Talvez os assessores do António Costa receiem que a popularidade estratosférica do presidente Marcelo, baseada na sua capacidade de construir "afectos", na simpatia natural e na piada fácil e carregada de inegável sentido de humor, lhe possa vir a fazer sombra se um dia a relação esfriar, e acreditem que a relação há-de esfriar, e talvez lhe tenham aconselhado a ser também afectuoso e engraçado? Talvez lhe tenha saído da sua própria cabecinha que consegue ser engraçado e vale a pena aumentar a sua popularidade à custa do humor que Deus lhe deu?
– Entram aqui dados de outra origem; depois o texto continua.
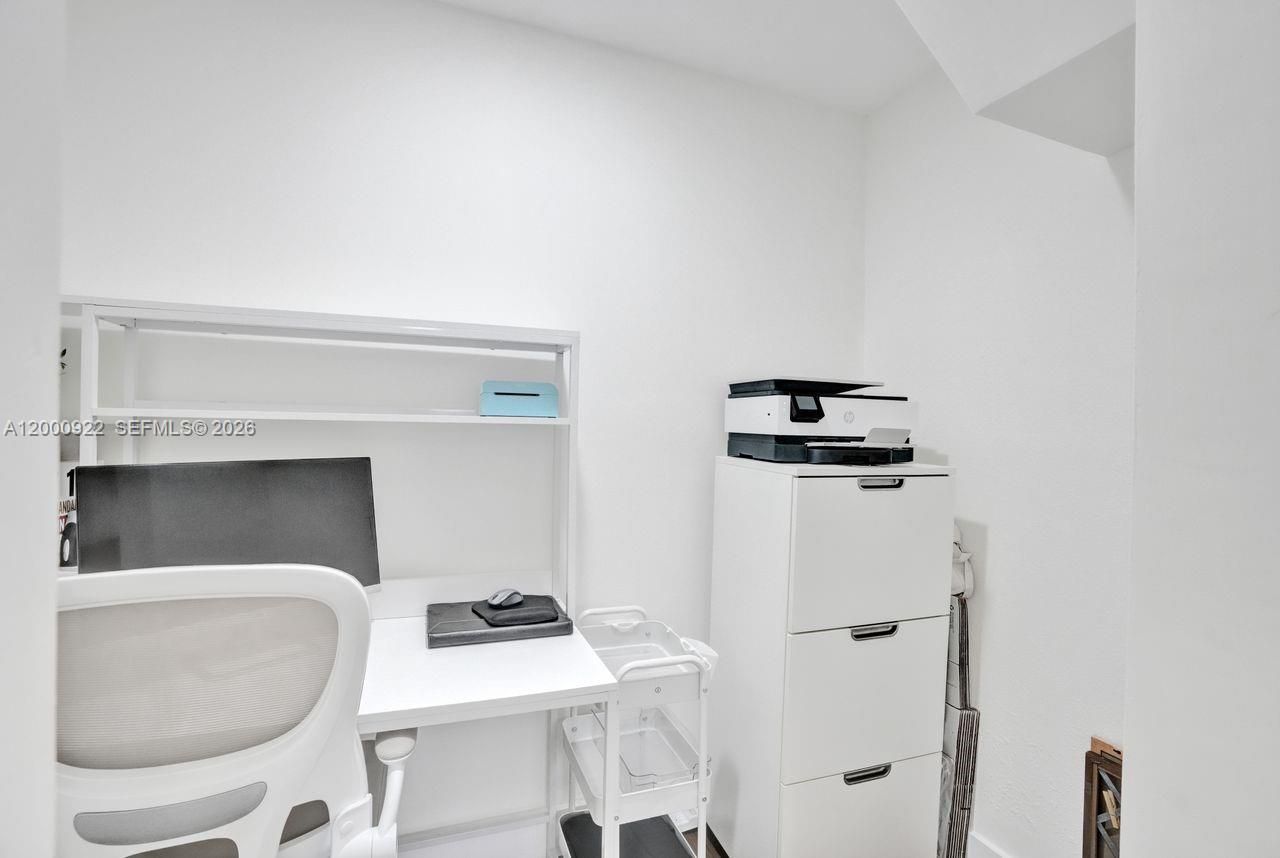 17501 NW 85th Ave, Hialeah, FL 33015 Photo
A verdade é que, de há uns tempos para cá, o primeiro-ministro tem vindo a desempenhar quase diariamente números de stand-up.
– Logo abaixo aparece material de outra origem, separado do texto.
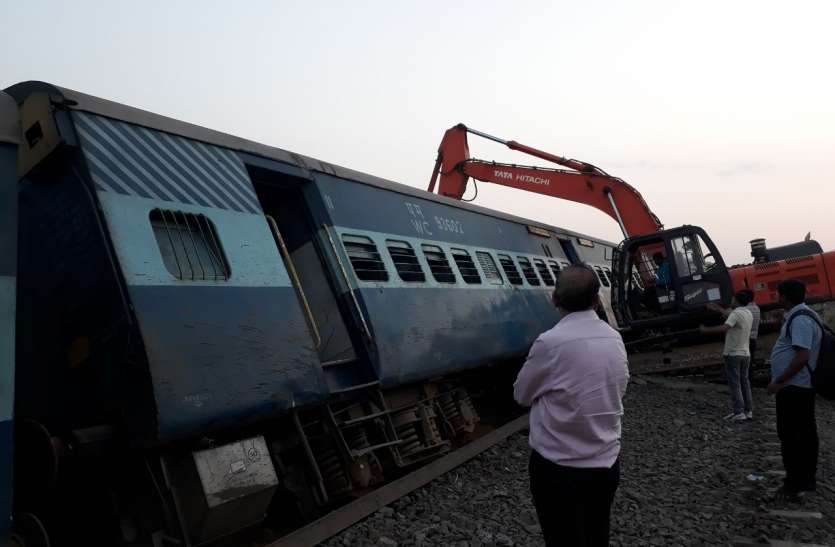 Biggest Train Accident In 2018, Passenger Train Derailed In Katni ...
Começou pela oferta pública ao presidente, durante o fim-de-semana idílico e cúmplice que mantiveram em Paris, e eles terão sempre Paris, de um postal do quadro "O salto do coelho" do Amadeo de Souza Cardoso, acompanhado da explicação "Há uns que saltam, outros não", não fosse o presidente ser incapaz da atingir sem ajuda a piada da coisa, baseada, e eu presto aos leitores o serviço público de a explicar, na vaca voadora e no apelido do líder da oposição. Coelho, voador. Percebem? As comitivas riram-se, as comitivas riem-se sempre, quanto mais não seja por passarem uns dias a passear em Paris à custa dos contribuintes, mas o presidente não se chegou a rir. Coitado, o preço de manter relações de cumplicidade com morcões é encorajá-los a partilharem as suas anedotas, e ter que as ouvir.
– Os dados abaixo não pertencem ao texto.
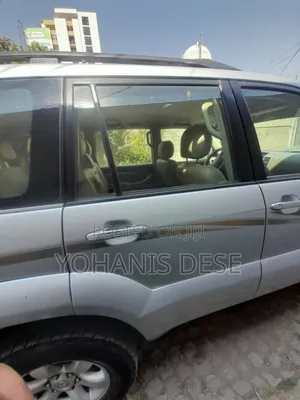Toyota Land Cruiser 2005 Silver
Seguiu-se, no São João passado no Porto, o remake do lançamento do microfone da CMTV pelo Cristiano Ronaldo, em que o folião do primeiro-ministro pegou, mas não chegou a lançar, o microfone, e explicou, e a explicação ajudou a esclarecer quem não conseguisse atingir sem explicação o alcance da piada, que "Isto afinal lança-se bem, não é preciso muita força", e a comitiva, como não podia deixar de ser, riu-se.
Não se dando ainda por satisfeito com a exibição de tanto humor, ou encorajado pelo sucesso junto da comitiva, chegou às jornadas parlamentares do PS nos Açores e decidiu brincar com o Brexit, desta vez com uma estatística que não teria ficado deslocada ao Américo Tomaz que, no entanto, em parvoíce, estava longe do que se faz hoje em dia, que os tempos eram outros, com a piada "Agora que a Europa vai perder algumas ilhas atlânticas, há 13 ilhas atlânticas que só Portugal pode dar à União Europeia", que desencadeou, naturalmente, risos na comitiva.
Não se sabe se, satisfeito com o sucesso, hoje repetiu a piada em Bruxelas, aos ingleses e aos europeus. Se repetiu, só há uma coisa certa nesta vida: a comitiva riu-se.
Só há uma coisa que os assessores se esqueceram, ou não tiveram coragem, ou tempo, de lhe explicar. É que o exercício do humor exige cultura, inteligência, rapidez de raciocínio, capacidade de contar em simultâneo histórias diferentes se vistas de pontos de vida diferentes, de ironia, de surpreender o receptor. Qualidades que ele, "vamoláver", na sua figurinha de brutamontes que nem consegue articular frases completas em português corrente, não tem. No esforço por acompanhar o palhaço rico, não consegue fazer melhor do que fazer figura de palhaço pobre. Mas está bem assim, que é isso que se quer.
E, do mal o menos. Podia ser bem pior se ele se sobre-entusiasmasse com as competências no bailado, que certamente lhe vêm dos anos no Conservatório. Não percamos a esperança que ele se mantenha no ramo do humor.